START YOUR WEEK WITH THE COACH
“Tired of correcting poor performers who seem to find their way onto your team?”
Preventing less than ideal behavior is a leader’s number one priority in promoting productive behavior, regardless of venue. Great leaders make sure the prevention of poor behavior and promotion of good behavior is a positive experience for everyone. Trouble starts when leaders try controlling poor behavior instead of preventing it or know positive ways to correct it when it happens.
Preventing poor performers from infiltrating your team starts with the interview process and getting your current top performers involved in the hiring process. The “right person” is not always the most skilled person.
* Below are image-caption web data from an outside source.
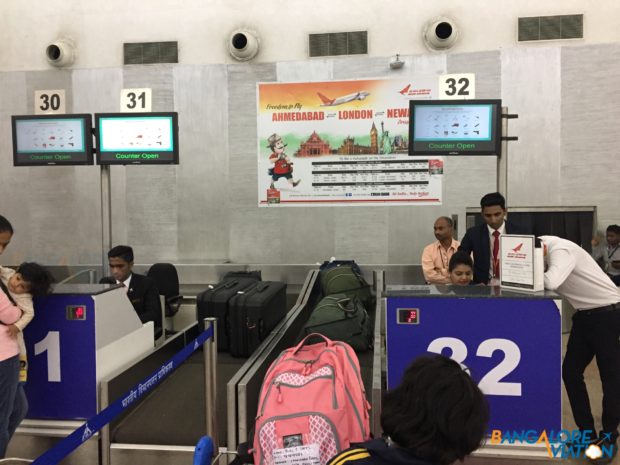 The last check in counter in the check in hall.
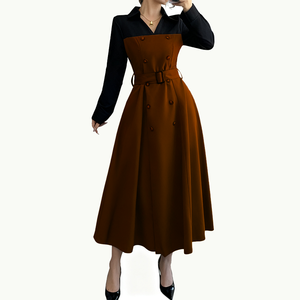 Robe de bureau élégante pour femmes avec col rabattu et boutons tendance, robe <span class=keywords><strong>longue</strong></span> à manches longues avec ceinture, couleur contrastée - Product Image 6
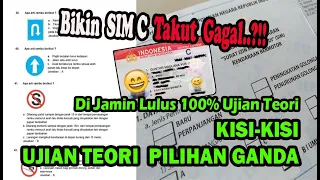 Tips dan KISI KISI UJIAN Teori Soal Pilihan GANDA SIM C Agar LULUS 💯%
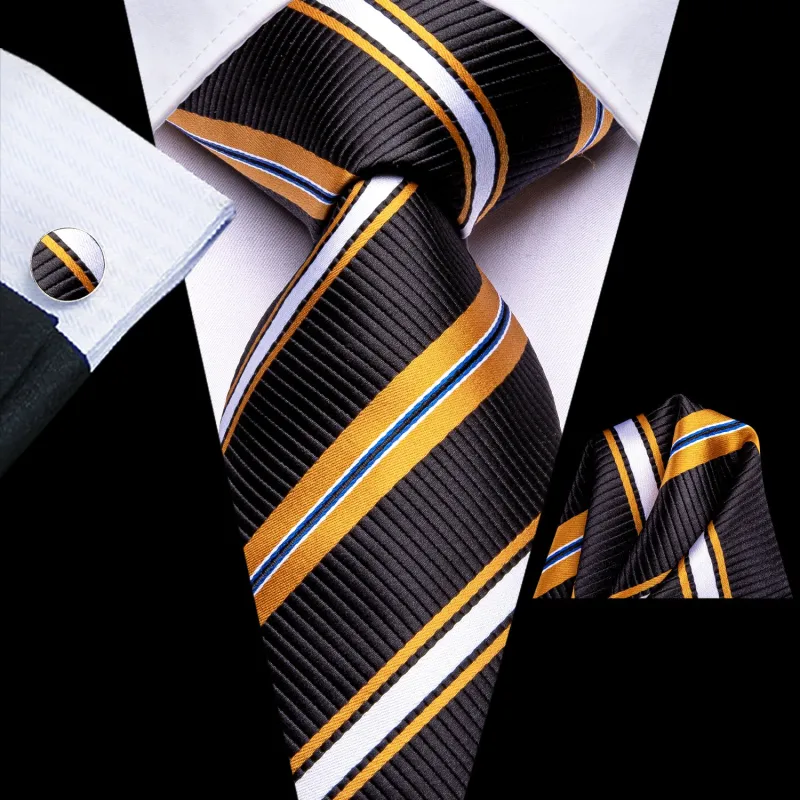 Black Yellow White Striped Men's Necktie Pocket Square Cufflinks Set sold by Ties2You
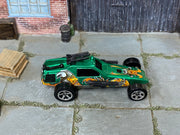 Green Hot Wheels Enforcer with Viking graphics — top view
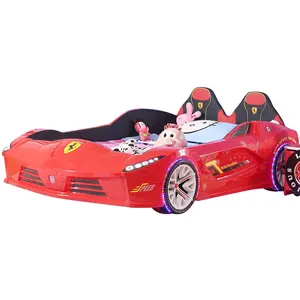 Full size Luxury car bed children solid wood fine ABS colorful led light comfortable kid bed super race car children bed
Their resumes may not have the “wow factor” but the team they will be playing with usually knows if they are a good fit after interacting with the prospective team member.
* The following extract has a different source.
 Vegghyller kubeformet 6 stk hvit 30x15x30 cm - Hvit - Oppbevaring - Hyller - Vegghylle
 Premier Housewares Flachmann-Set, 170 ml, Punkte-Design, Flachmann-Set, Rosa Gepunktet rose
Once on the team, it’s the Performance Agreement that is the leader’s best tool for preventing poor behavior and producing productive and maximum results. The best job description in the world will not produce productive results. It can define the type and scope of the assignment but does little to describe how you produce a win.
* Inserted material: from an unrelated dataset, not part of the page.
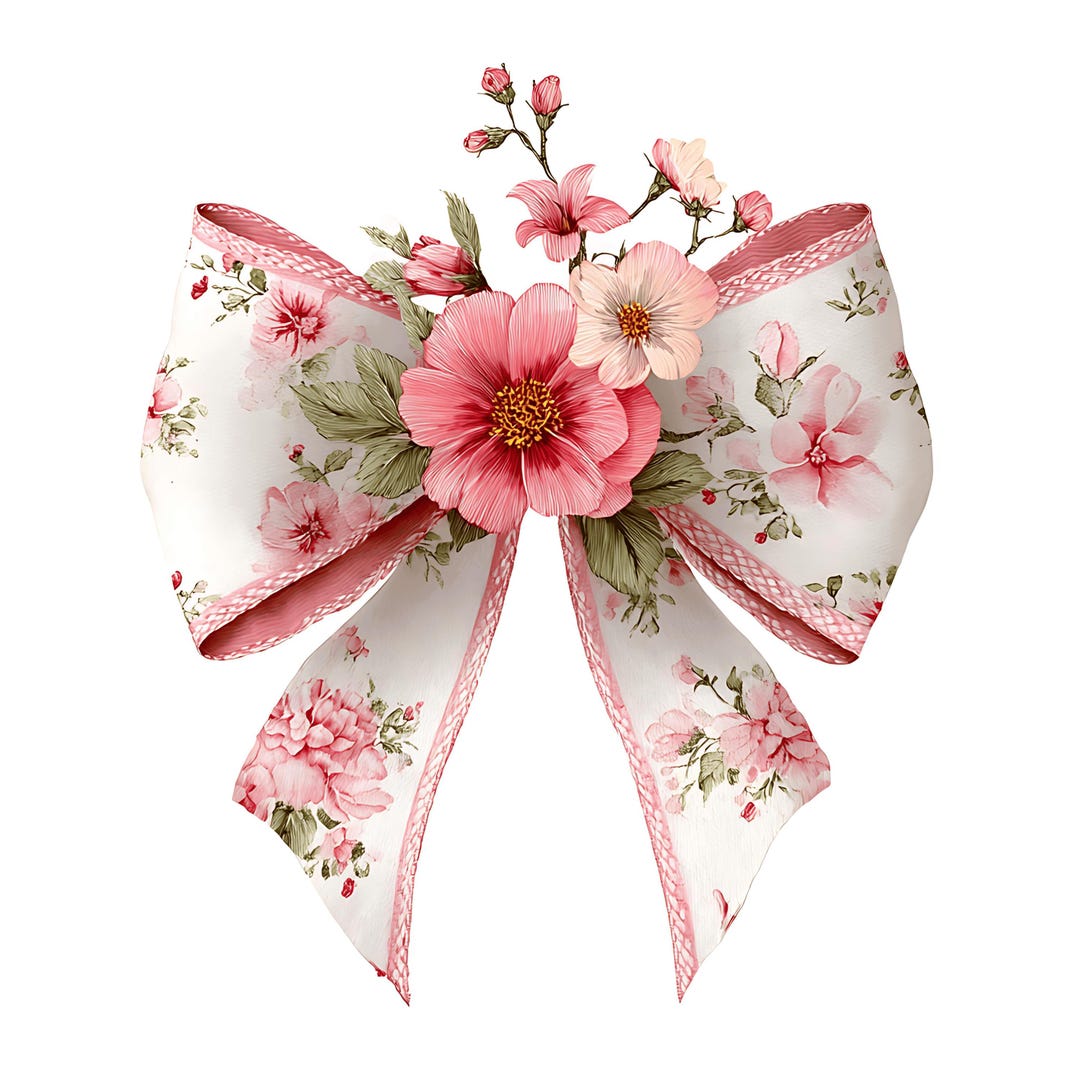 22 Pink Coquette Ribbon Bow Watercolor Clipart: Floral ( PNG - Digital ...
Rules, regulations, hidden cameras, “sticks & carrots,” endless meetings, ineffective annual reviews, and other tactics used to prevent non-productive behavior are usually the first signs of a weak or inexperienced leader. All of those are management tools to bring control to the workplace and produce bottom line results. They are sometimes necessary but seldom used by great leaders.
Leadership is never about control, always influence. Better behavior is seldom produced through control factors. Maximum effort and the best results always come through inspirational influence. You can make little Johnny sit in the corner because you’re the boss, but you can only change his heartfelt behavior through your leadership influence.
Tired of making Johnny sit in the corner? Then become a leader and quit being a boss. You can be one or the other, but you can’t be both at the same time. Being a boss when you should be a leader will wear you out quicker than Johnny’s poor performance.